Boy Scout Leader Fast Start
Boy Scout Leader Fast Start is a three-part video. The Troop Meeting is the primer on how to run a troop meeting. Produced for new unit leaders and commissioners, the video covers planning, parts of the meeting, the patrol method, and resources; The Outdoor Program describes the planning, organization, ideals, and BSA policy for outdoor activities. It also touches on long-term and high-adventure activities; and The Troop Organization starts with the charter concept—the chartered organization, the district, and the council, and their relationship to the troop. Each leadership and committee position is described. This is an excellent program for commissioners, troop committees, troop leaders, and chartered organizations.
Scoutmaster and Assistant Scoutmaster Leader Specific Training
This training has three sessions designed to provide leaders with a good working knowledge of troop operations. The three sessions are: Role of the Scoutmaster in a Boy-Led Troop; The Outdoor Program and the Advancement Program; and Program Planning and Troop Administration. The course may be held in one session or broken into three 3 hours sessions.
Introduction to Outdoor Leader Skills
This course is a hands-on training program to give adult leaders the practical outdoor skills they need to lead Scouts in the Outdoors. Imagine having hands-on knowledge about setting up a campsite, pitching a tent, hiking, outdoor cooking - all the skills necessary to see the outdoor program of the Boy Scouts of America come to life. The course is a day and a half long.
Some of the methods touched upon in basic training are treated in greater depth in supplemental training courses. Some courses are held on a regular basis as a continuing source of information. Since supplemental training is intended to enrich the leaders' experience, there are no prerequisites although supplemental training is not a substitute for completing basic training.
Troop Committee Training
The Troop Committee Challenge - Boy Scout Troop Committee Training is a three-hour course for members of the troop committee. It is designed to help troop committee members better understand their roles and responsibilities through interactive learning. The training is best delivered to all members of a single troop committee to build a better committee team. It can also be delivered in a mixed-unit training course offered by the district. Upon completion of the three-hour challenge, a troop committee member is considered trained.
Youth Protection Training
Child abuse is an increasingly serious, widespread problem in society, affecting every ethnic group, socioeconomic level, and geographic area. The Boy Scouts of America has developed Youth Protection training to prepare its leaders to help children who have been, or are being, abused.

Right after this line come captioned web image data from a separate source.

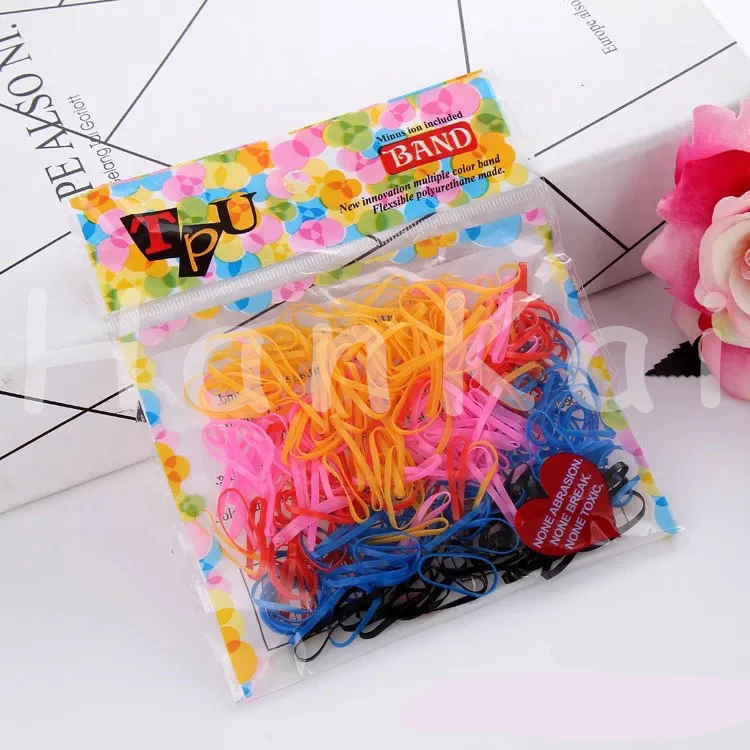 Factory Cheap Price High Elasticity Tpu Colorful Hair Rubber Band for Hair Transparent Color Hair Tie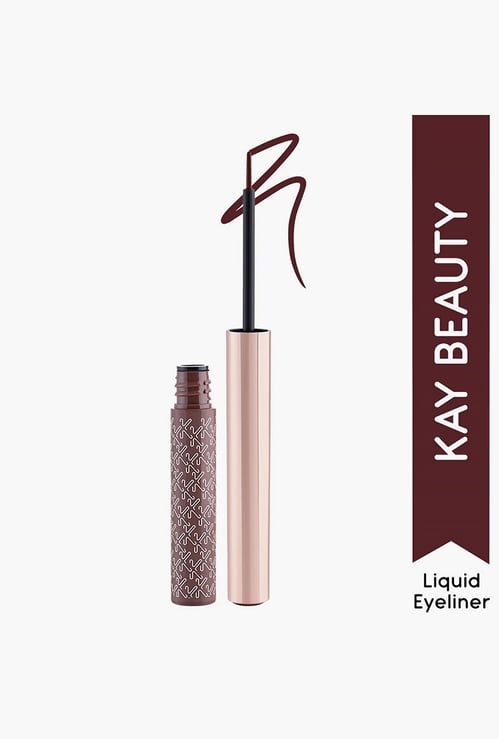 KAY BEAUTY Quick Dry Liquid Eyeliner - Sizzling Mocha
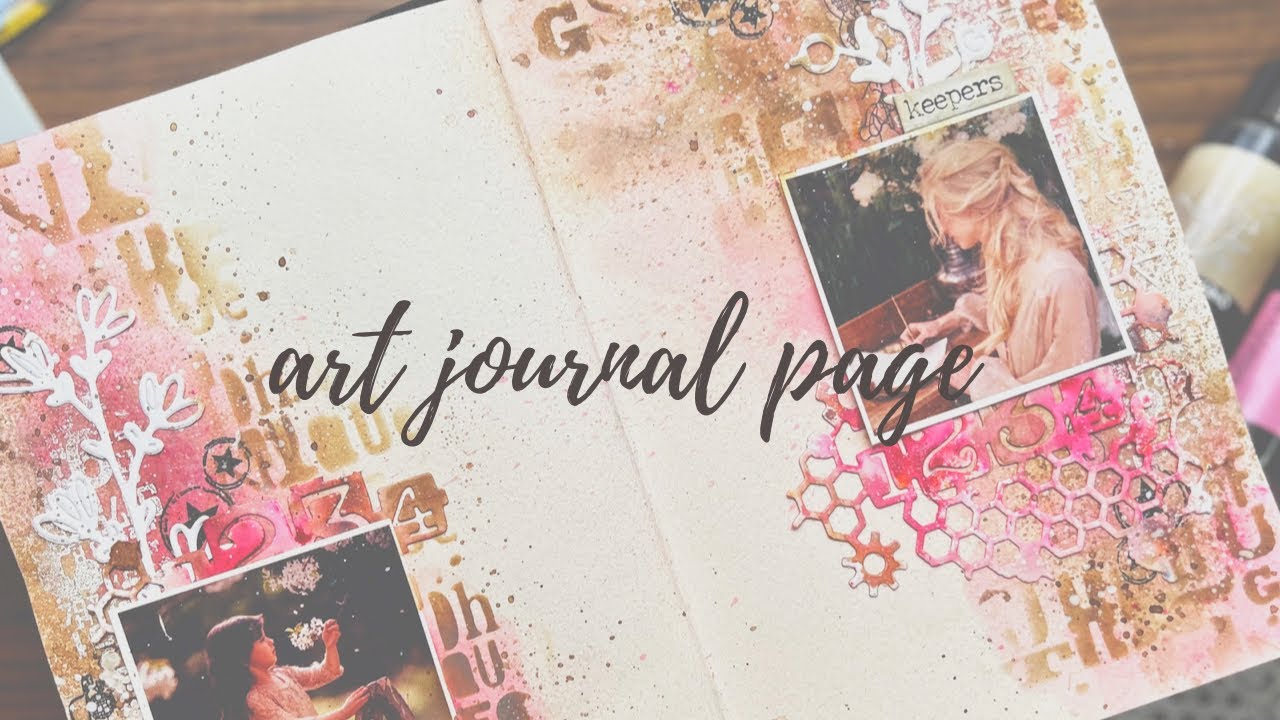 Art journal page : 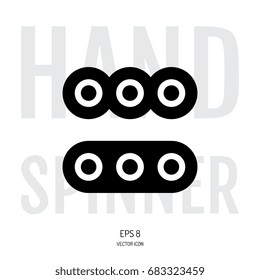 Hand spinner icon isolated on white background. Fidget stress relieving toy vector illustration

The training program includes information for parents, as well as age appropriate videos for youth members. Materials may be used in Pack, Troop or Den meetings to show Scouts and their parents what they should do to prevent abuse from happening to them.
Every leader in Scouting must complete Youth Protection training. The Council requires that at least one adult accompanying the unit on any outing must be Youth Protection trained in order to obtain a Tour Permit.
Den Chief Training
A meeting with den chiefs and prospective den chiefs designed to combine a good time with training. Cubmasters, Webelos den leaders, den leaders, and other adult pack or troop leaders who register den chiefs in the training should arrange to participate with the den chiefs.
Roundtable is monthly leaders' meeting held in each district. At this meeting, leaders can find information about upcoming district and council events and learn program ways to improve program. The subject of each Roundtable is selected to emphasize important aspects of the Scouting program. Roundtables are the best source of continuing education that a leader has available.
Powder Horn Training is a training opportunity designed to expose the Venturing or Boy Scout leader to activities and resources necessary to operate a successful Venturing Ranger Award or Troop High Adventure program. This training includes six days of instruction.
Wood Badge is advanced training in leadership skills for all adults in BSA programs. Cub Scouts, Boy Scouting, Varsity Scouting, Venturing, and commissioner service are invited to participate in Wood Badge.
Online Learning Center
The BSA Online Learning Center provides a variety of materials, from quick references to complete courses, all designed to help our members improve leadership skills and deliver a quality program.